Figure 1 shows a sketch of part of the curve with equation $y = (2 - x)e^{2x}$, $x \in \mathbb{R}$ The finite region $R$, shown shaded in Figure 1, is bounded by the curve, the x-axis and the y-axis - Edexcel - A-Level Maths Pure - Question 4 - 2014 - Paper 8

To improve the accuracy of the approximation using the trapezium rule, one can:

• Increase the number of strips: Using more subdivisions leads to a closer approximation to the actual curve.
• Make h smaller: Decreasing the width of each interval reduces the approximation error.
• Use more values of $x$: By calculating more $y$ values, we can better capture the shape of the curve.

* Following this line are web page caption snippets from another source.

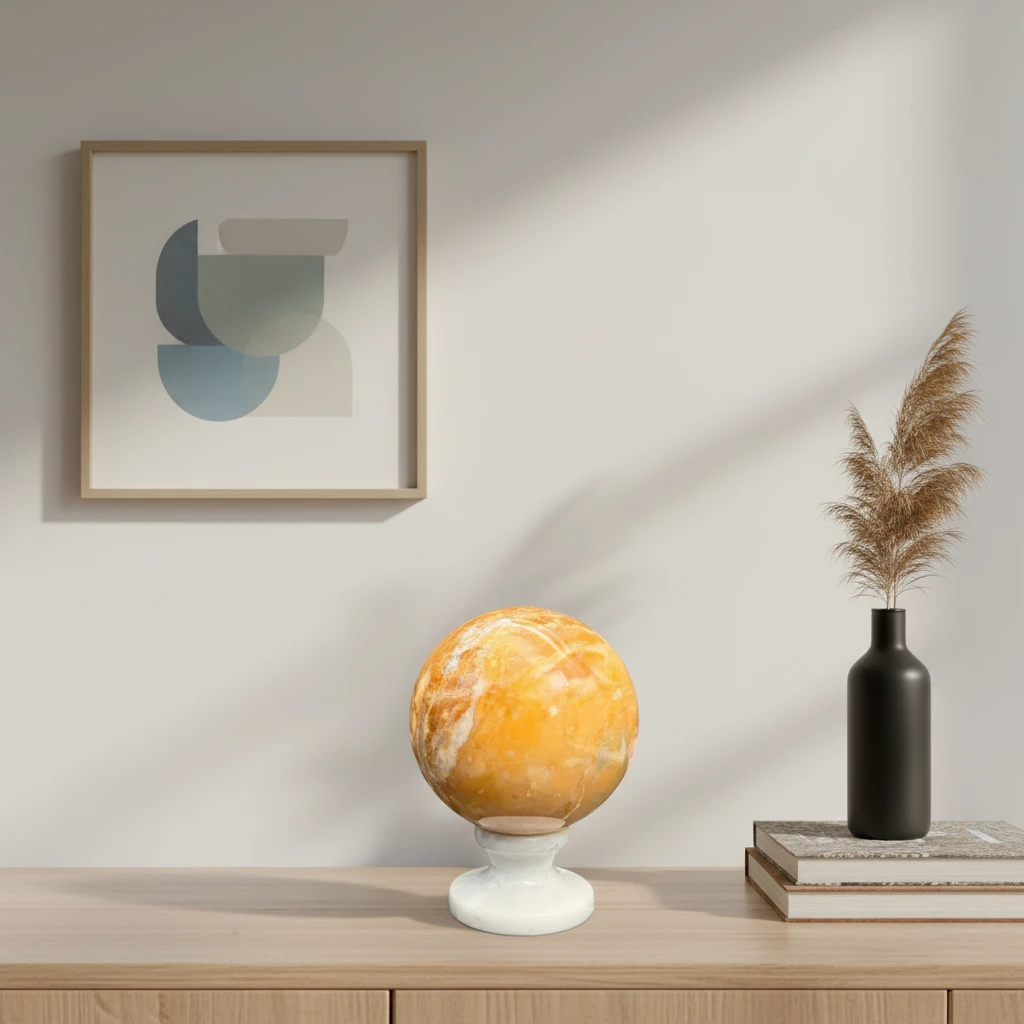 decorative-giallo-siena-sphere-living-room-marble-cosebelleantichemoderne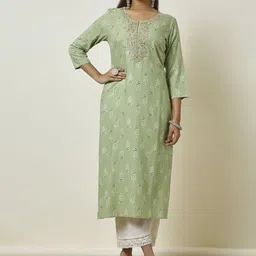 Soch Green Ethnic MotifsEmbroidered Round Neck Zari Straight Kurta-image-47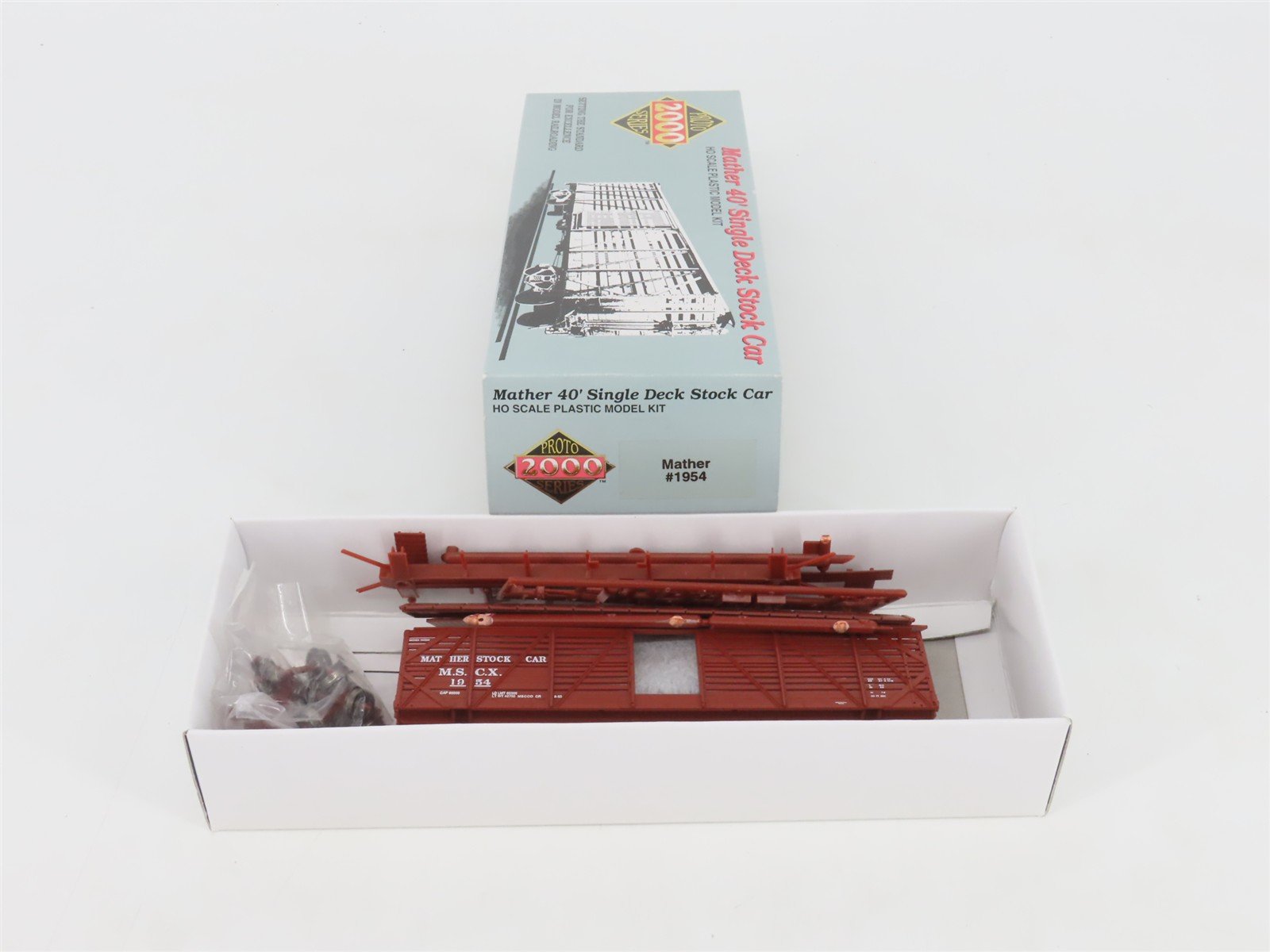 HO Scale Life-Like Proto 2000 Kit MSCX Mather 40' Single Deck Stock Car #1954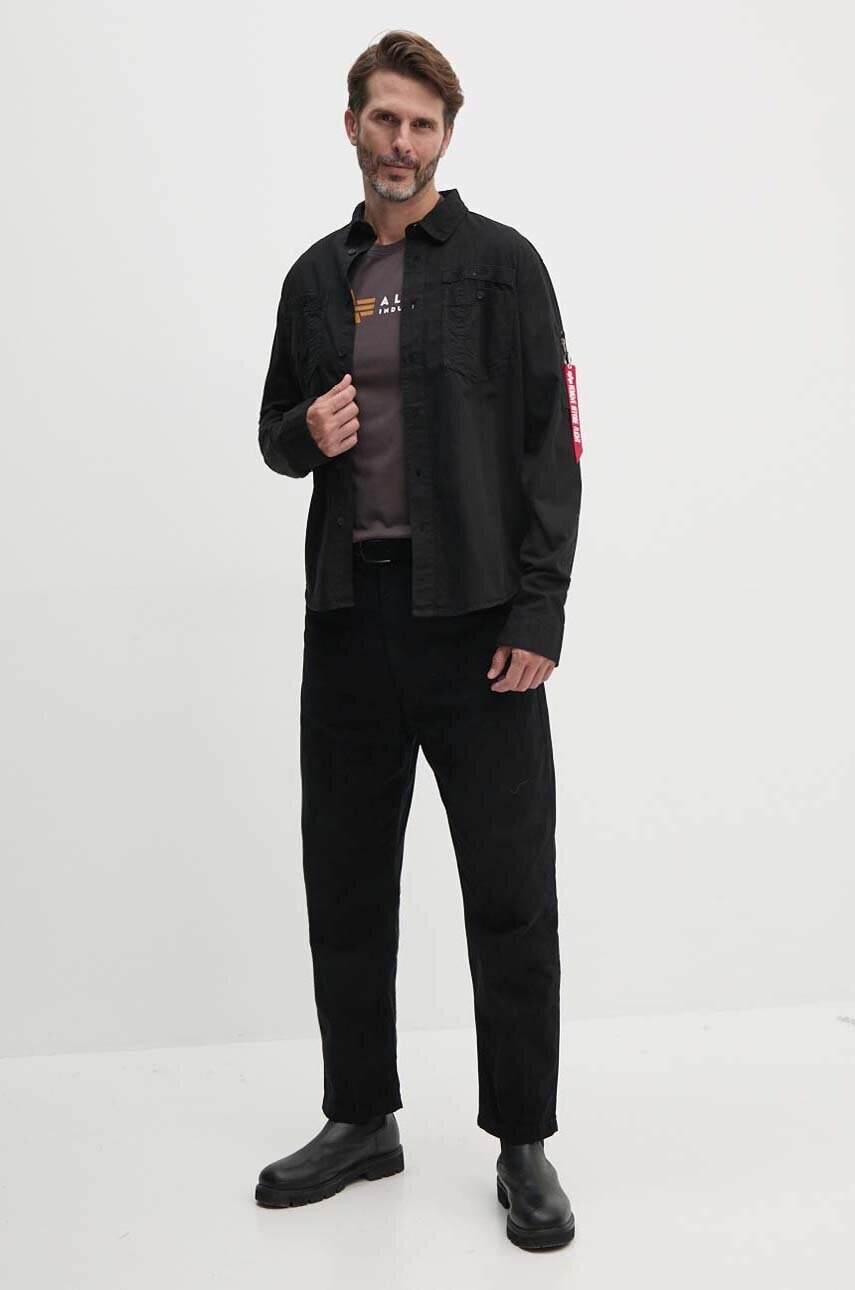 Бавовняна футболка Alpha Industries Label чоловіча колір коричневий з принтом 118502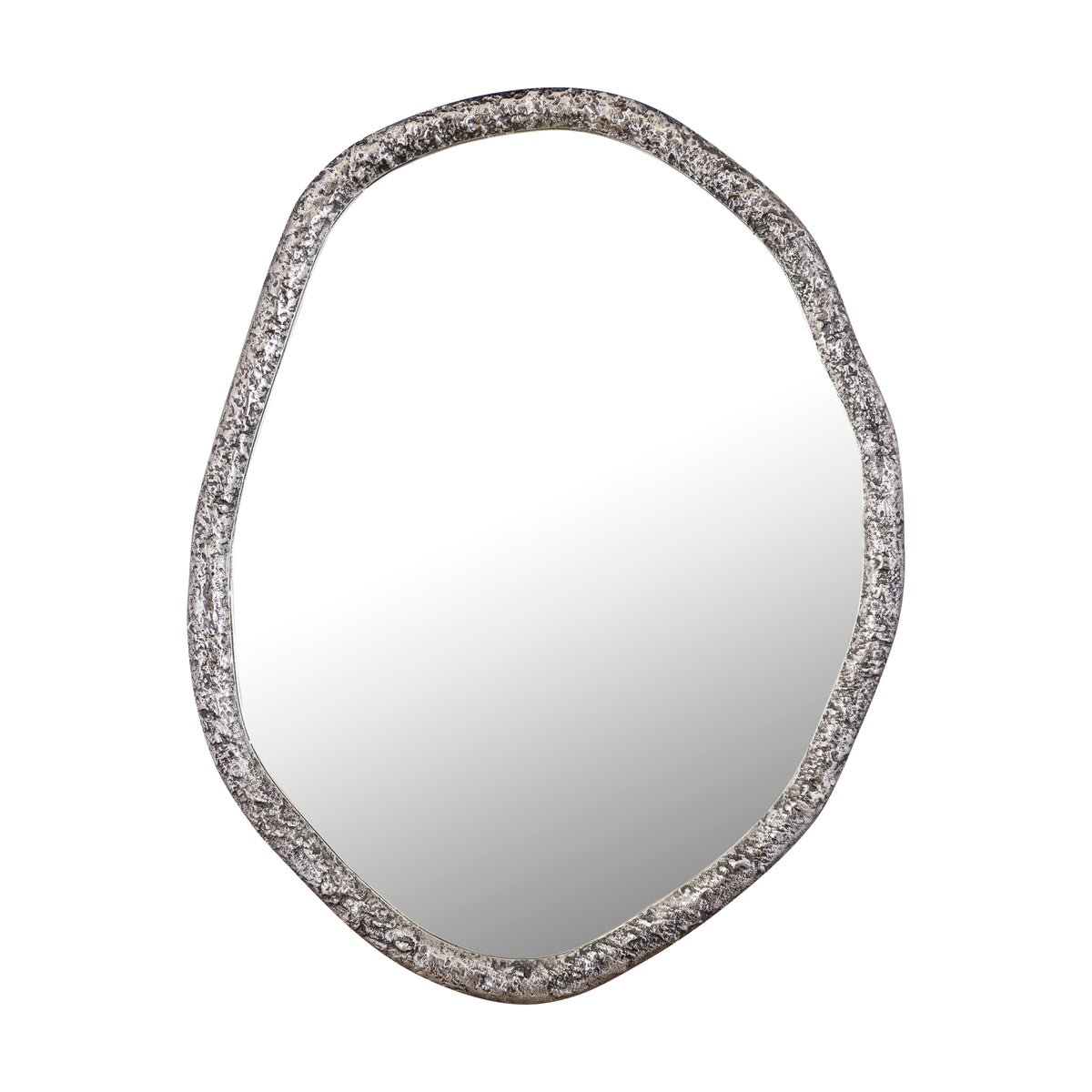 Paislie Nickel Organic Shaped Mirror Round PTMD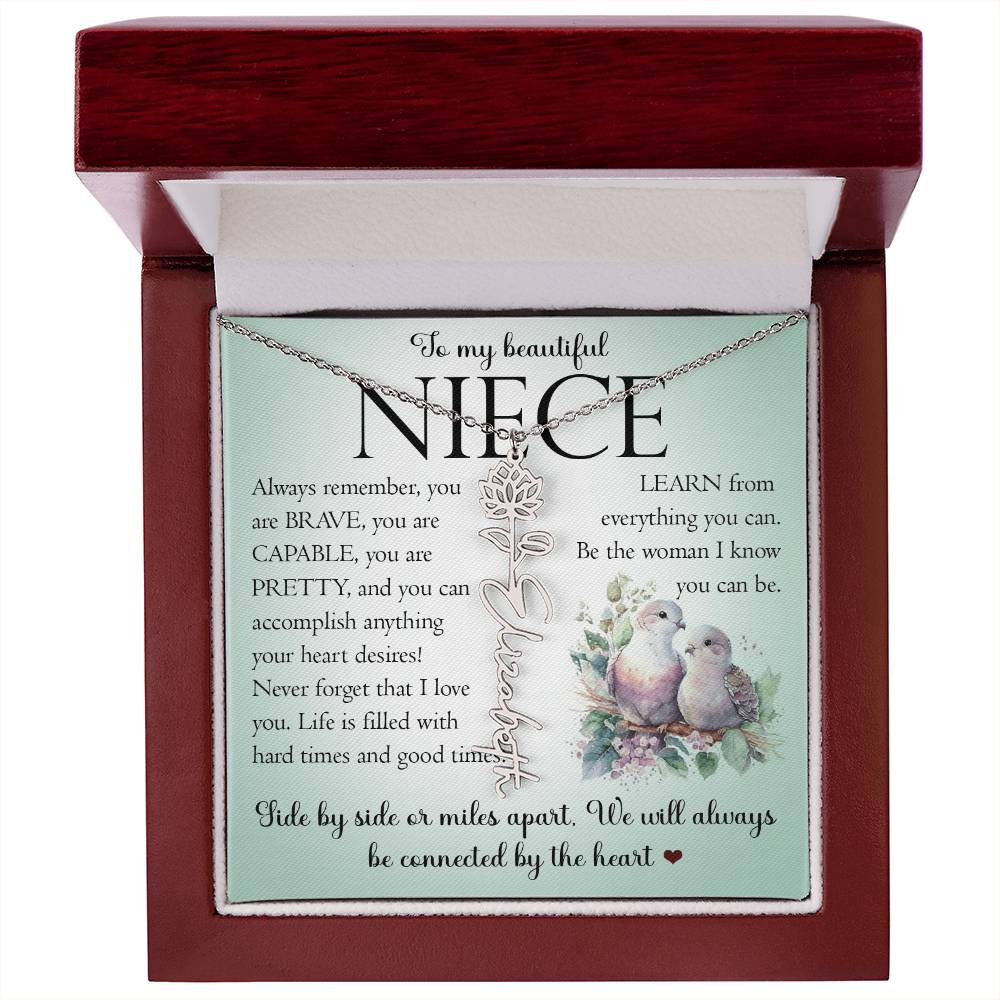 Niece Gift, Name Flower Necklace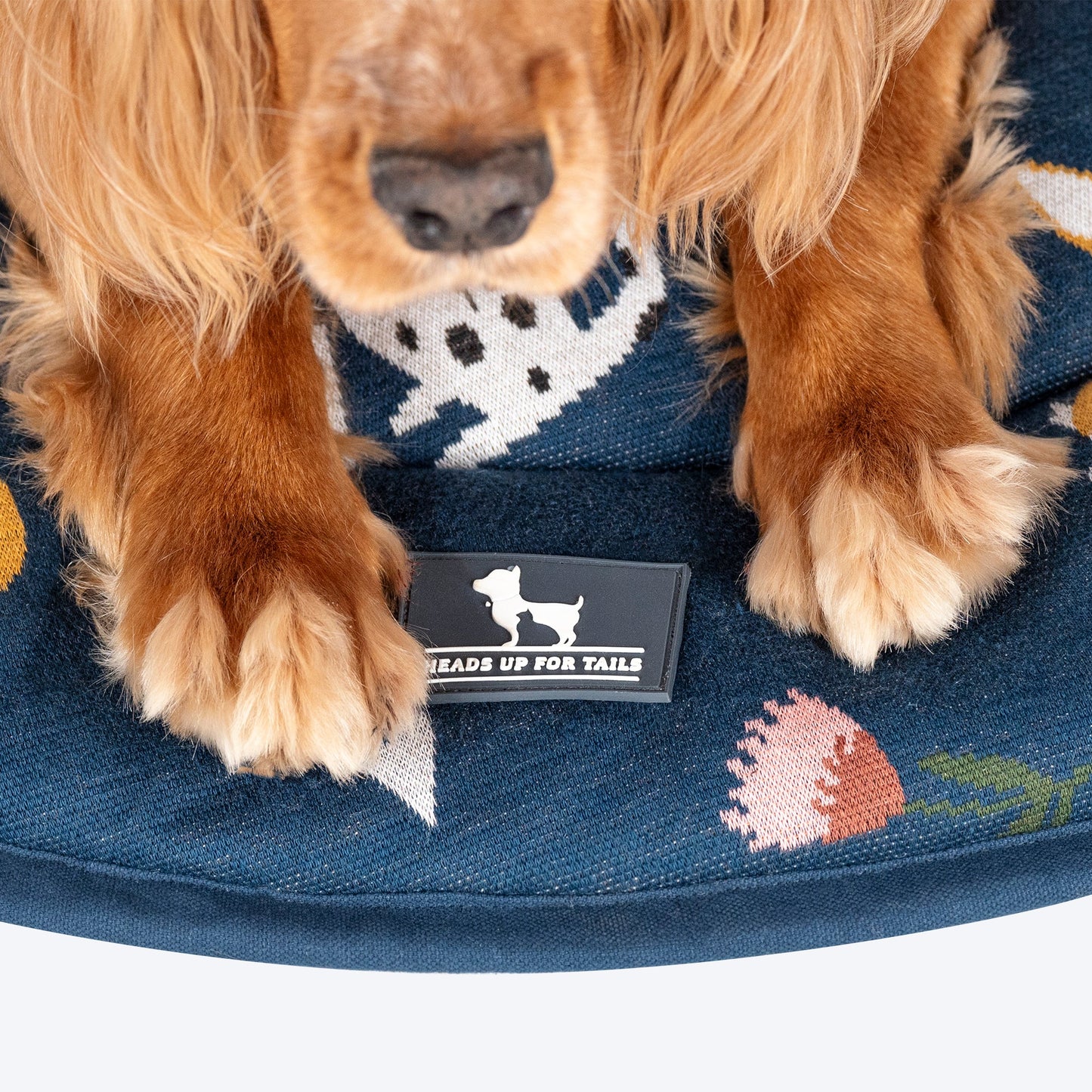 HUFT Dogs in Bloom Circular Dog Mat - Navy - M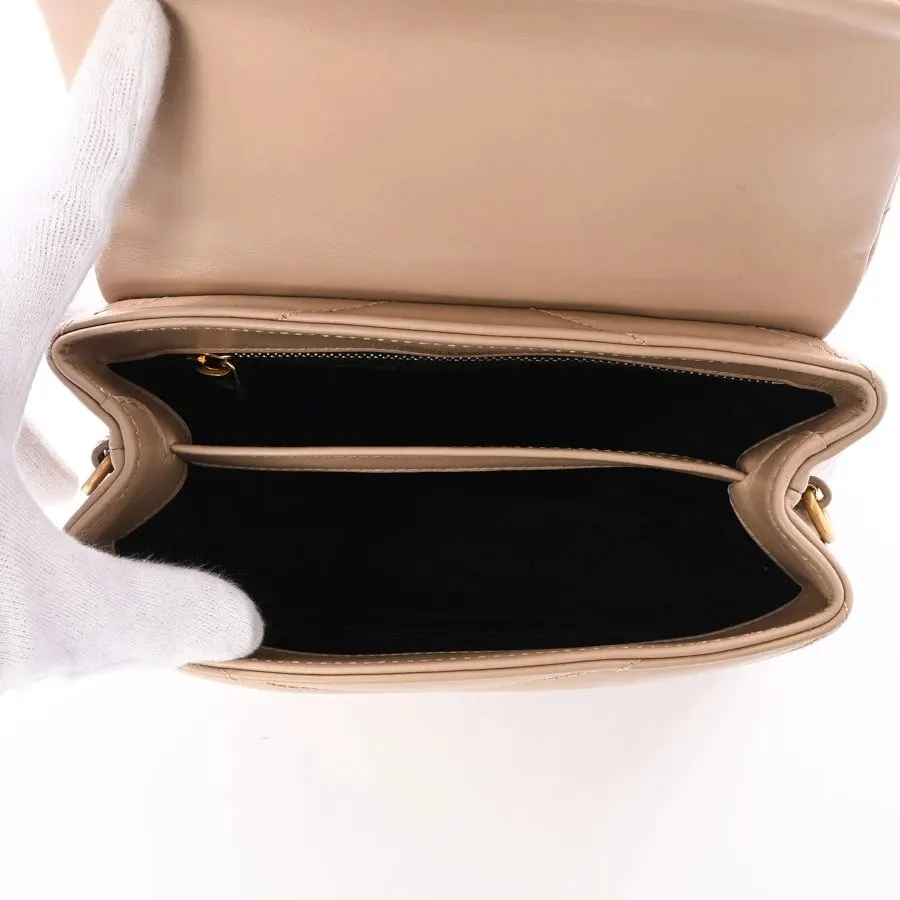 Saint Laurent Beige Calfskin Leather Loulou Toy Crossbody Bag Beige Leather Very good - Model View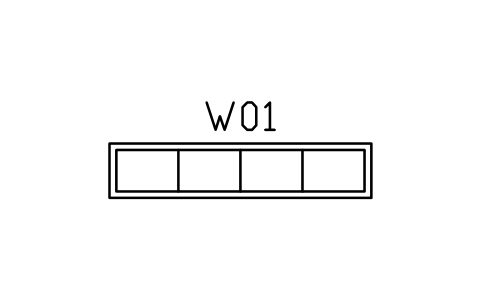 Window elevation, clerestory strip sembolünün önizlemesi, blok ARCH_ELEV_WIN_STRIP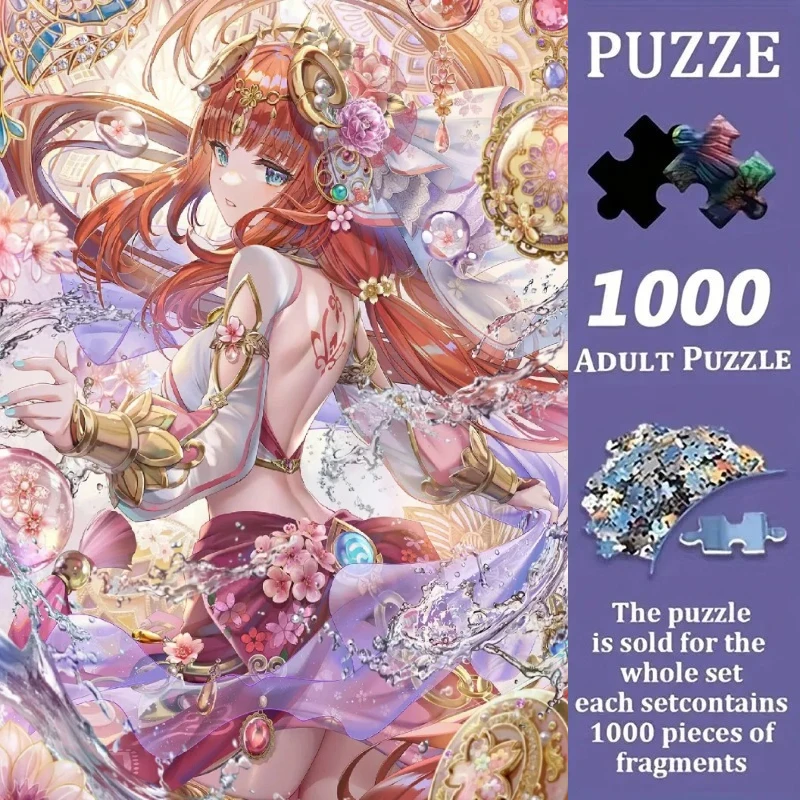 

Пазлы для взрослых (500/1000 элементов) с мультяшной принцессой, подходят для взрослых и всей семьи - сложные крупные детали, портативные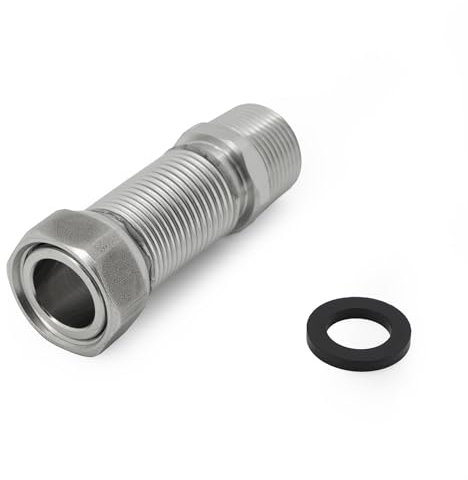 Vancoco Tuyau Flexible Ondule en Acier Inoxydable de 3/4 20/27 - Longueur Réglable de 75 à 130 mm - Tuyau de Raccordement Universel en Acier Inoxydable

To find the exact area of the region $R$, we need to integrate the function from $x = 0$ to $x = 2$:

1. Set up the integral: $A = \int_0^2 (2 - x)e^{2x} \, dx$

2. To solve the integral, we can use integration by parts, where:

   • Let $u = (2 - x)$, thus $du = -dx$
   • Let $dv = e^{2x} dx$, thus $v = \frac{1}{2} e^{2x}$

3. Applying integration by parts: $\int u \, dv = uv - \int v \, du$ $= (2 - x) \cdot \frac{1}{2} e^{2x} \bigg|_0^2 + \int \frac{1}{2} e^{2x} \, dx$

4. Evaluating the boundary terms: At $x = 2$, $u = 0$, and at $x = 0$, $u = 2$: $= [(2 - 2) \cdot \frac{1}{2} e^{4}] - [(2 - 0) \cdot \frac{1}{2} e^0]$ $= 0 - 1 = -1$

5. Now compute the integral: $\frac{1}{2} \int e^{2x} dx = \frac{1}{2} \cdot \frac{1}{2} e^{2x} + C$ Evaluating from $0$ to $2$ gives: $= \frac{1}{4} [e^4 - 1]$

Combining the results: $A = -1 + \frac{1}{4}(e^4 - 1)$ $= \frac{1}{4} e^4 - 1 - \frac{1}{4}$ $= \frac{1}{4} e^4 - \frac{5}{4}$

The exact value of the area $R$ is: $A = \frac{1}{4}(e^4 - 5)$